= Reese–Townsend feud =

The Reese–Townsend Feud, also called the Colorado County Feud, lasted from 1898 to 1907 and was a politically motivated feud taking place in the closing days of the Old West, in Columbus, Texas, and other parts of Colorado County. Legendary Texas Ranger Captain Bill McDonald was dispatched to Columbus to restore order.

==Background and violence==
The feud was a culmination of several factors, but mostly resulted due to the local Sheriffs race that placed incumbent Sam Reese against former Deputy Larkin Hope. Former state senator Marcus Townsend, who had been the deciding factor for the past nine sheriffs due to his political connections, had pulled his support away from Sheriff Reese, throwing in behind Hope. This led to tensions between those in support of Reese, and the Townsend faction.

Townsend's support of Hope all but insured his victory. However, on August 3, 1898, Constable Larkin Hope was shot and killed by an unknown assailant in downtown Columbus. Jim Coleman, a close friend to Sheriff Reese's sons Walter and Herbert, was the initial suspect. Townsend immediately chose another candidate, Will Burford, who with Townsend's support won an easy victory, becoming the newly elected Sheriff of Colorado County.

However, the previous tensions were anything but over. On March 16, 1899, Marcus Townsend, Will Clements, and Marion Hope, brother of the dead Larkin Hope, engaged Sam Reese and his supporters in a gunfight in downtown Columbus, during which Reese's supporters fled, resulting in Reese being shot and killed. Bystander Charles Boehme was also killed, and a boy named Johnny Williams was wounded. Although evidence and witness statements indicated that Reese provoked the gunfight, his sons vowed they would seek revenge. On May 17, 1899, January 15, 1900, July 31, 1900, June 30, 1906, and May 17, 1907, five more separate gunfights took place in Columbus, resulting in Dick Reese, brother to Sam, Sheriff Burford's son Arthur, Will Clements brother Hiram and Jim Coleman being killed. Dick Gant, another bystander, was also killed during one of the gunfights, and numerous bystanders and participants were wounded.

==Feuds end, aftermath==
The shooters during all those fights were Mark Townsend, Jim Townsend, Step Yates, Will Clements, Walter Reese, Joe Lessing, Frank Burford, and Marion Hope, which ironically were all related by either blood or marriage, despite their hatred of one another. The citizens appealed to the city council to re-establish the office of Town Marshal, abolished some years earlier. However, the council refused. Texas Rangers were dispatched, to include James Brooks, which effectively ended the violence in 1907.

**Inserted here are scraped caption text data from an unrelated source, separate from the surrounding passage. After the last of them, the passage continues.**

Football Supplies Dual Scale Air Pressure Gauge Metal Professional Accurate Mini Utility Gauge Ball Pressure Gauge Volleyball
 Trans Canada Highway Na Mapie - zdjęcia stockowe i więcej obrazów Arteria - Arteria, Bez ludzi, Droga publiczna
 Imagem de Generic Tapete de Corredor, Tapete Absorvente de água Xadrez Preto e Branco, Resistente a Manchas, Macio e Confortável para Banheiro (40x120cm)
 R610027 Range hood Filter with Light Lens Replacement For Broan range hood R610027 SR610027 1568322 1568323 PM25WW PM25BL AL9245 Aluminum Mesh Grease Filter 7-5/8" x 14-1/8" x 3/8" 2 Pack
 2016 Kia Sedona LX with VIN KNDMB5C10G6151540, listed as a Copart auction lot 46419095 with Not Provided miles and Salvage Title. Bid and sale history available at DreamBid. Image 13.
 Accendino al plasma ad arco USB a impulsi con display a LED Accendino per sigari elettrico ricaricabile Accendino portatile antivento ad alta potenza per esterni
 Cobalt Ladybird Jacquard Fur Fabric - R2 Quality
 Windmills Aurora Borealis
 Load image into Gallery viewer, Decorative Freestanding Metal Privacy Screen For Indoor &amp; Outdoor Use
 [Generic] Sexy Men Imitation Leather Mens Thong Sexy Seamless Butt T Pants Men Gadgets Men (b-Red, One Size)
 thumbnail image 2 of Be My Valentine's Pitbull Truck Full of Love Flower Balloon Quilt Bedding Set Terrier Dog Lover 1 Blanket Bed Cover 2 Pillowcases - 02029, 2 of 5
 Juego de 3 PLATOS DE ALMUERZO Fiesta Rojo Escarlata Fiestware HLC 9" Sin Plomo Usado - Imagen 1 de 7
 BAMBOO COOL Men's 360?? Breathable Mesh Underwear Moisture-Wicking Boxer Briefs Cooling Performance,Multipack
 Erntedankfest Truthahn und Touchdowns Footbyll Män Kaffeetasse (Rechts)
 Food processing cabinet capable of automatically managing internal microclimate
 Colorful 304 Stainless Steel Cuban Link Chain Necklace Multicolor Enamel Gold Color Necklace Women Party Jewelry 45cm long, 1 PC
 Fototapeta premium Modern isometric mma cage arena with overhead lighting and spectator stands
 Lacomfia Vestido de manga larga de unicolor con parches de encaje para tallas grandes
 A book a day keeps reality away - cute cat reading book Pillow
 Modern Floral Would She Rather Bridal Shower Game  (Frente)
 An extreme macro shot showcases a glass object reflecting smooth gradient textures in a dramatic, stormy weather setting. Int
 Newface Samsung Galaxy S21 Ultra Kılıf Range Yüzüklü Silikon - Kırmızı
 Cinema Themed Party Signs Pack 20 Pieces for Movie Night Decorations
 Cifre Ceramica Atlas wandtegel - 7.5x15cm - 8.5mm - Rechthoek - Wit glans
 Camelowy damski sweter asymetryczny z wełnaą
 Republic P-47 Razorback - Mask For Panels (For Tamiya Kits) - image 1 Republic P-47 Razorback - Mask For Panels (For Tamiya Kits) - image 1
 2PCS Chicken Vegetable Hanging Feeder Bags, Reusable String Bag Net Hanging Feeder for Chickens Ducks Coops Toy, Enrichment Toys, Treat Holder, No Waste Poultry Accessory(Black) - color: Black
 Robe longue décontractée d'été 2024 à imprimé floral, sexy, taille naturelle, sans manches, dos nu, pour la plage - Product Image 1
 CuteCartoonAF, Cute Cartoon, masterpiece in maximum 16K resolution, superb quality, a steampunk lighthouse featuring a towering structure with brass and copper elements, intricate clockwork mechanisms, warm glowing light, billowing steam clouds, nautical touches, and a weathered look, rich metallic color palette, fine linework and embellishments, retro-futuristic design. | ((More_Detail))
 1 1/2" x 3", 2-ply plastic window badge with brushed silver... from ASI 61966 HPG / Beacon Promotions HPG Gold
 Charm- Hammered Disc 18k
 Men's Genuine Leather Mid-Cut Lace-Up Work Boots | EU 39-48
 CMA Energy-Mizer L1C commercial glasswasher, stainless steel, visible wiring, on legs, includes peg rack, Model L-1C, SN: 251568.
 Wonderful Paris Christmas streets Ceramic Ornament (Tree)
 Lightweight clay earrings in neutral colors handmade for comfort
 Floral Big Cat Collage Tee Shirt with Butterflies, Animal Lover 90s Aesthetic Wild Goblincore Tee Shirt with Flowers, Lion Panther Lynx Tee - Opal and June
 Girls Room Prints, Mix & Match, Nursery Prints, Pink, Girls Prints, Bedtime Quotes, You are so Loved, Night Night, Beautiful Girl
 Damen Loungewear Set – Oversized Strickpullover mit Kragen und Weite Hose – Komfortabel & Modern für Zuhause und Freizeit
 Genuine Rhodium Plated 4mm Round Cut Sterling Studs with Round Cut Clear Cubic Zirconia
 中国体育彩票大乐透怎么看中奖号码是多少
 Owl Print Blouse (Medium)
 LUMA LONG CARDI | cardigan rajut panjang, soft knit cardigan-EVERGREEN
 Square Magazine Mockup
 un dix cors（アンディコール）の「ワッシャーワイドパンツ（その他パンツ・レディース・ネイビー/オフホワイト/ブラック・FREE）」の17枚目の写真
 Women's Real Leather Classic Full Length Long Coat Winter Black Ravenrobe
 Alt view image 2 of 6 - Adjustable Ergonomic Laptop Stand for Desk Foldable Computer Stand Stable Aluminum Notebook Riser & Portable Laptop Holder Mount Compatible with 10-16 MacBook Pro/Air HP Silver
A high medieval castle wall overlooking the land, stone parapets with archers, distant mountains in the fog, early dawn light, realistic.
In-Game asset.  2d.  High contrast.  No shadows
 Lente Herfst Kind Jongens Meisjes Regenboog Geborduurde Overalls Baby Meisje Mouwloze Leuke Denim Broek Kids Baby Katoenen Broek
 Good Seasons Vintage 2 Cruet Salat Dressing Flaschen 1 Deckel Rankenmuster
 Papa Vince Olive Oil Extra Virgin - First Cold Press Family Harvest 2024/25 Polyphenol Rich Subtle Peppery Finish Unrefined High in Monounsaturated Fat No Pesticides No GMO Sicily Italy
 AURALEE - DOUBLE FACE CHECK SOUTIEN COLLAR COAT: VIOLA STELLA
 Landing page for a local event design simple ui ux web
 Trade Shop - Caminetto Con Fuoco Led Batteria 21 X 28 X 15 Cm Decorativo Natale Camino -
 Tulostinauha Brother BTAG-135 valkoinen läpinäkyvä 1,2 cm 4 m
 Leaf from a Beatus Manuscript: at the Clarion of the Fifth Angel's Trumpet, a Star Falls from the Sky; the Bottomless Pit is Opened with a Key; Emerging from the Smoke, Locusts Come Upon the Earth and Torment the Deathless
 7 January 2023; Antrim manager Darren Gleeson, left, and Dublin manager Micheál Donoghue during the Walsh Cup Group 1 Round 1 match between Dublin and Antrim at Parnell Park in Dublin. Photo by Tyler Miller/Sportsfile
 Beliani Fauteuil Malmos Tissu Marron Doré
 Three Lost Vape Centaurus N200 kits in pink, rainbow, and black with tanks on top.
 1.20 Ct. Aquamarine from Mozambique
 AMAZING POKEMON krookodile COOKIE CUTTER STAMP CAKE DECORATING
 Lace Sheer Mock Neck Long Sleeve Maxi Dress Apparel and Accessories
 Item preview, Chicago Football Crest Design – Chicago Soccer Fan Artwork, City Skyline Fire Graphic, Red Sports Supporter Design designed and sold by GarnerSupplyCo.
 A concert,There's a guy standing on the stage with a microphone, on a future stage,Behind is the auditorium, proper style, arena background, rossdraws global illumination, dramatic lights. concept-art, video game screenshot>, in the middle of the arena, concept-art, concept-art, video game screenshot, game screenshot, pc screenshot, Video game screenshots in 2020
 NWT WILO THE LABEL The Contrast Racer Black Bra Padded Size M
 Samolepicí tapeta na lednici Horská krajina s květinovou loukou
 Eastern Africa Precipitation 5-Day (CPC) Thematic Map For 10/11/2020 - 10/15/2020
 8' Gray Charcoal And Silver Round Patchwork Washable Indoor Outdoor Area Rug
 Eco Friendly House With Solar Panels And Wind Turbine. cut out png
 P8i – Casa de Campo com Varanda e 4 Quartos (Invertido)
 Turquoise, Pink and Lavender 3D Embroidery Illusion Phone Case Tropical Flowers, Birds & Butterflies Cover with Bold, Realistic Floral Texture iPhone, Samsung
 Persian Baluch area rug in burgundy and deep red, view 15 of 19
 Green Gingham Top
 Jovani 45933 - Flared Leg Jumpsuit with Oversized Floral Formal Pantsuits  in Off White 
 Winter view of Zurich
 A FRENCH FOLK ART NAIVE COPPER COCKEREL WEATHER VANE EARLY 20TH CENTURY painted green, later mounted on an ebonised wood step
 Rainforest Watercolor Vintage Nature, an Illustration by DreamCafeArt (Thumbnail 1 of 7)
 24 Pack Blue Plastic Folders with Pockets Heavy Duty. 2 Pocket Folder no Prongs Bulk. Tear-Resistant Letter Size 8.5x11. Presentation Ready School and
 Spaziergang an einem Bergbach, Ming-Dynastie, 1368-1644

Despite each being unrelated to the feud itself, two of the main participants did die in later gunbattles. Marion Hope died in a vehicle accident in 1911. That same year, Will Clements was shot from ambush in Matagorda County, Texas by a man with whom he had had an altercation a few days earlier. Jim Townsend was also killed in 1911, in a gun battle with a saloon keeper in Louise, Texas. Herbert Reese was killed in 1912, when a gun he was cleaning in his Columbus home accidentally discharged. Walter Reese died in an automobile accident in El Paso, Texas in 1919.